Problem to work on
The entries underneath need to be duplicated exactly, with none omitted.
--- Record set Enclosed Below ---
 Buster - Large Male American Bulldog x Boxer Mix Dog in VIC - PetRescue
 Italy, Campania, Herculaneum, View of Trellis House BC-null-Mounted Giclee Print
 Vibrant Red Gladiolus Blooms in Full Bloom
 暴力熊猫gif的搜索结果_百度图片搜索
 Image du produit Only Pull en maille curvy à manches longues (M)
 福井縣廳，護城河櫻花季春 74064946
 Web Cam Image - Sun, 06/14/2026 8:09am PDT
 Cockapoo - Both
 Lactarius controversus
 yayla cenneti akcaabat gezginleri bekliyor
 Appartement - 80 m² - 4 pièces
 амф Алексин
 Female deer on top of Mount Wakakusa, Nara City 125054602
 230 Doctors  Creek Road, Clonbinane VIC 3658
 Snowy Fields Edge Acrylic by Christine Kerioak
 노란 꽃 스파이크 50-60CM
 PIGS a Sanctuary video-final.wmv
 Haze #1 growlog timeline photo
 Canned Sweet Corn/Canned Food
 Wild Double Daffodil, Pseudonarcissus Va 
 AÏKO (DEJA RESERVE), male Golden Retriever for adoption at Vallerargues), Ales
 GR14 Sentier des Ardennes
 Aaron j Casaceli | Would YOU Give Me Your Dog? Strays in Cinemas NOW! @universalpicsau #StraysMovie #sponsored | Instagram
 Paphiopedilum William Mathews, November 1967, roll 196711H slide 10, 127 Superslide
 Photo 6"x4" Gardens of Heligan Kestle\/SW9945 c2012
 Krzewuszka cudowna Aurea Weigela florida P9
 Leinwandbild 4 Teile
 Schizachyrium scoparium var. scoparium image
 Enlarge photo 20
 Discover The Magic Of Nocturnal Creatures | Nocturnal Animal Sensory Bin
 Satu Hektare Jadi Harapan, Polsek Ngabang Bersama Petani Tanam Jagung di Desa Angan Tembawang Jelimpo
--- End of Enclosed Record set ---
Final answer
 Buster - Large Male American Bulldog x Boxer Mix Dog in VIC - PetRescue
 Italy, Campania, Herculaneum, View of Trellis House BC-null-Mounted Giclee Print
 Vibrant Red Gladiolus Blooms in Full Bloom
 暴力熊猫gif的搜索结果_百度图片搜索
 Image du produit Only Pull en maille curvy à manches longues (M)
 福井縣廳，護城河櫻花季春 74064946
 Web Cam Image - Sun, 06/14/2026 8:09am PDT
 Cockapoo - Both
 Lactarius controversus
 yayla cenneti akcaabat gezginleri bekliyor
 Appartement - 80 m² - 4 pièces
 амф Алексин
 Female deer on top of Mount Wakakusa, Nara City 125054602
 230 Doctors  Creek Road, Clonbinane VIC 3658
 Snowy Fields Edge Acrylic by Christine Kerioak
 노란 꽃 스파이크 50-60CM
 PIGS a Sanctuary video-final.wmv
 Haze #1 growlog timeline photo
 Canned Sweet Corn/Canned Food
 Wild Double Daffodil, Pseudonarcissus Va 
 AÏKO (DEJA RESERVE), male Golden Retriever for adoption at Vallerargues), Ales
 GR14 Sentier des Ardennes
 Aaron j Casaceli | Would YOU Give Me Your Dog? Strays in Cinemas NOW! @universalpicsau #StraysMovie #sponsored | Instagram
 Paphiopedilum William Mathews, November 1967, roll 196711H slide 10, 127 Superslide
 Photo 6"x4" Gardens of Heligan Kestle\/SW9945 c2012
 Krzewuszka cudowna Aurea Weigela florida P9
 Leinwandbild 4 Teile
 Schizachyrium scoparium var. scoparium image
 Enlarge photo 20
 Discover The Magic Of Nocturnal Creatures | Nocturnal Animal Sensory Bin
 Satu Hektare Jadi Harapan, Polsek Ngabang Bersama Petani Tanam Jagung di Desa Angan Tembawang Jelimpo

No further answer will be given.